If that happens, years from now, the thought of Javier Rodriguez collaring
crooks won't be such an outlandish idea.
Whatever other reasons the Academy had for giving Benicio Del Toro an Oscar
last month for his role in the anti-drug movie "Traffic," I thought he
deserved the best supporting actor honor simply for managing to convince
his audiences that a Mexican cop could be honest.
Without giving too much of the film away - in case you want to rent it -
Del Toro, playing the role of Tijuana police officer Javier Rodriguez,
cooperates with U.S. law enforcement officers to nail a drug kingpin who
thinks he has bought off Rodriguez.
If you've ever had a bad experience with a police officer south of the
border, or if you accept the stereotype of them, you may be thinking
"Traffic" was pure fantasy.
Not that all Mexican cops are corrupt, not that they should all be painted
with a broad brush stroke. But the fact is, there are enough bad apples
among them to paint a not-so-pretty picture of them as a whole: On one
hand, they have shaken tourists down for the slightest traffic violation,
while on the other, crooks literally have gotten away with murder if they
had enough money to buy them off.
Of late, every newly-elected public official in Mexico, from the president
on down to the mayor of smallest municipality, pledges to "professionalize"
the police agencies that answer to them. That's a euphemism for getting rid
of the cops on the take. The fact that each succeeding administrations make
that same promise would suggest that the previous one didn't keep it.
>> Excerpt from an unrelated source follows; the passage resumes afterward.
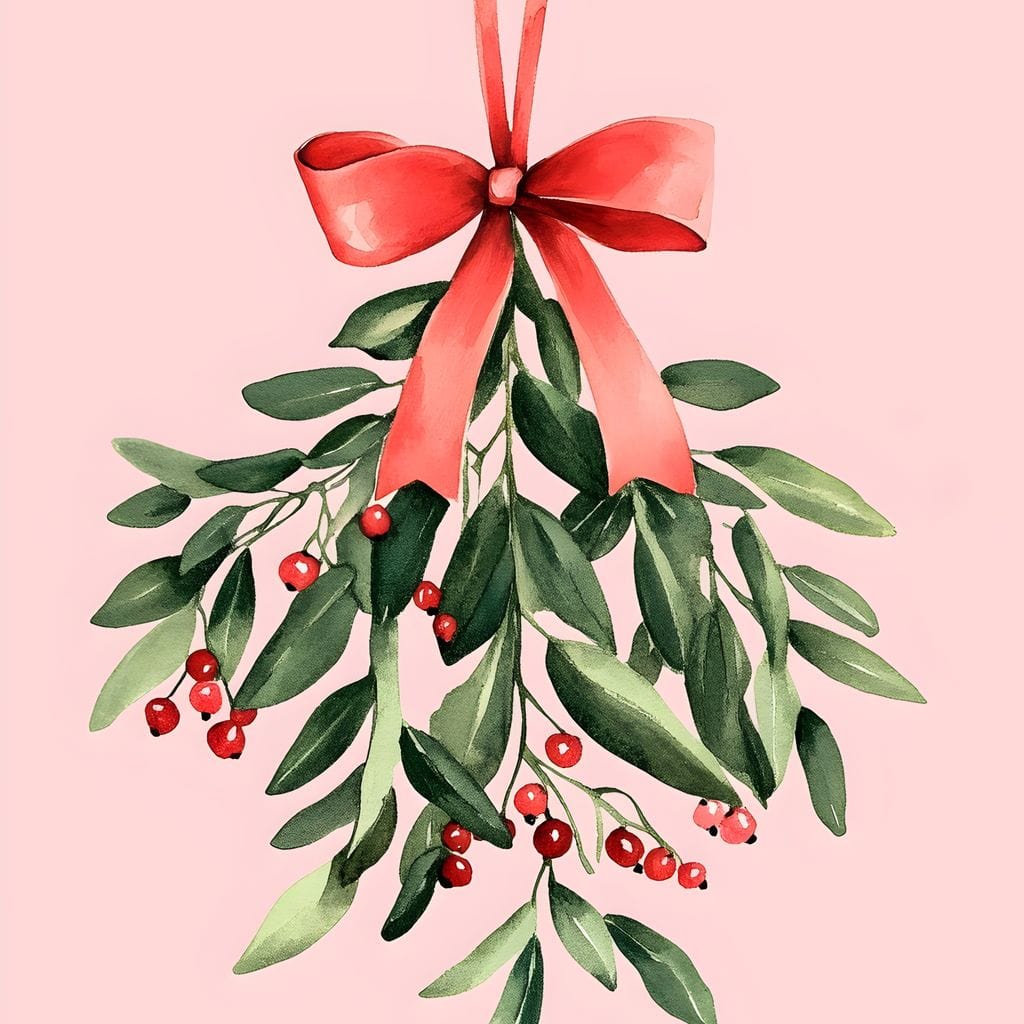 Tablou Canvas Premium, LuxCanva® D1082, Ramura cu Funda Rosie, Christmas, Planta, Bradut, Frunze, Festiv, Elegant, Roz, Iarna, Anotimp, Simplitate, Verde, Atmosfera, Camera Copil, Living, Dormitor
Most recently, a high-ranking officer of the Mexican army, which fights
drug trafficking as one of its responsibilities, was sacked for being on
the payroll of the very traffickers he was supposed to be putting away. And
Mexican customs officers along the border who were thought to be dirty were
relieved of duty.
Mexico's new president, Vicente Fox, has vowed to press the war on
corruption with renewed vigor. But making high-profile arrests of corrupt
officialdom doesn't solve the problem, at least not over the long-term. Up
to now, arrests have only created vacuums - filled by new corrupted officials.
The dilemma could not have been demonstrated to me any more clearly than
that day more than a decade ago when I was invited over to a Mexican police
officer's home for the afternoon meal. Having been covering the Mexico beat
for The Yuma Daily Sun, I had bumped into this cop from time to time. I
guess he took a liking to me, since he had me over for dinner at his house
- - a dirt-floor, three-room shack made of scraps of lumber hammered together.
As a municipal police officer, he was paid barely enough to sustain
himself, his wife and his two children. But he had a badge and a gun, and
with those come power and authority. I won't say he took payoffs, because I
don't know. But the fact is, he had a license to steal, if ever he chose to
use it.
Underpaid officers are susceptible to drug traffickers who have more than
enough money to buy them. Boosting salaries would help bring
professionalism to police ranks, but that is only part of the equation.
La mordida, meaning "the bite" - another euphemism, this one meaning bribe
paid - is a fact of life in Mexico, one that is miraculous in its power to
unravel red tape. It doesn't just persuade the police to look the other
way. La mordida can help merchants expedite the permits they need from
government to do business. Builders pay it to eliminate the hassles that
might otherwise deny them permits they need for construction.
La mordida has become a tradition, dating back not just decades, not
generations, but literally centuries. It is entrenched. In "Distant
Neighbors," his classic book about Mexico, Alan Riding describes la mordida
as the goop that greases the machinery of the system. If la mordida were to
disappear suddenly, he writes, the machine would come to a screeching halt.
The reform-minded Fox can take initial steps to modernize the system, but
his six-year, non-renewable term doesn't give him enough time to correct it
altogether. It will be up to his successors to pick up where he left off.
If that happens, years from now, the thought of Javier Rodriguez collaring
crooks won't be such an outlandish idea.